A manifestação é contra você.
Ah, você é ciclista, todo orgulhoso de ser
sustentável, um carro a menos, menos trânsito e CO2. Você reclama da opressão
do carro, mais forte, contra a bicicleta, o mais fraco. Mas você não para no
sinal. Não respeita a faixa de pedestres. Você até anda na calçada, tornando-se
o opressor do pedestre.
Não se
iluda: a manifestação é contra você.
Você leva o cachorro para passear e não
recolhe o cocô. Ninguém admite, mas o resultado está aí: nossas calçadas são um
mar de merda. Calçada não é a privada do seu totó.
A
manifestação é contra você.
Você joga papel no chão, e não faltam
desculpas para não fazer o que é certo. Essa merda de prefeitura que não
instala lixeiras, né? Ou, saída de estádio, você toma uma cerveja e joga a lata
por aí. Ah, todo mundo estava jogando. Depois vem o cara limpar. A
responsabilidade não é do Estado. É sua. E você, manifestante, não pode se
esquivar a ela nos outros 364 dias da sua vida.
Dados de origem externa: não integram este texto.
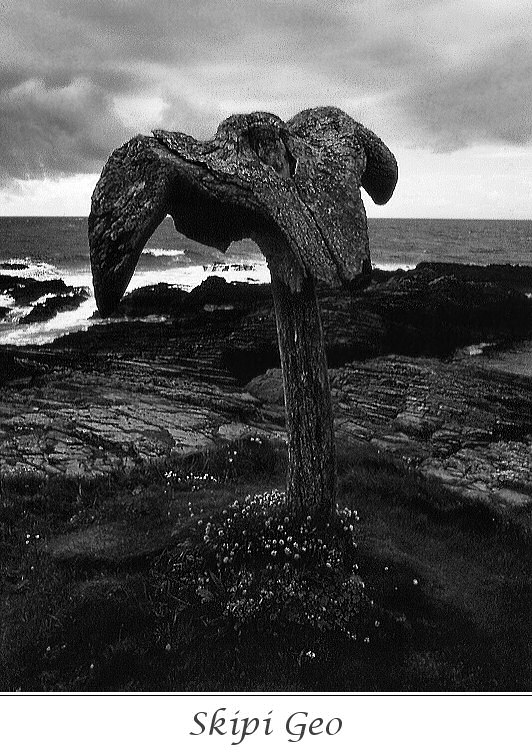 Orkney Cliffs (3)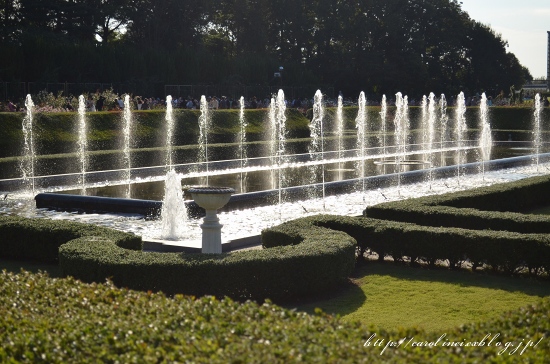 神代植物公園　秋のバラフェスタ_d0025294_15471297.jpg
A manifestação é contra você.
Você não cumprimenta o porteiro. Você exagera
horrivelmente no perfume e invade o nariz do outro. Você dirige bêbado. Você
põe um escapamento superbarulhento na sua moto, que dá para ouvir a quarteirões
de distância, incomoda todo mundo e compra um capacete que ajuda a isolar o
som. Você obriga todo mundo do ônibus a ouvir a sua música. Você suborna o
guarda ou qualquer outro serviço público. Ou ainda, você escreve textos como
este, apontando o dedo contra delitos que já cometeu ou ainda comete, achando
que dedo em riste exime você da responsabilidade.
Você é parte da violência. Você é parte da corrupção.
Se você não mudar, o país não vai mudar.
Mas não adianta todo
mundo apenas demandar que "o poder” conserte as coisas. Quer mudar o país? Não esqueça de mudar a si mesmo, e pagar o preço da
mudança, como um adulto.
Então,
vai pra rua, que estava na hora. Mas não esquece: a manifestação é contra você.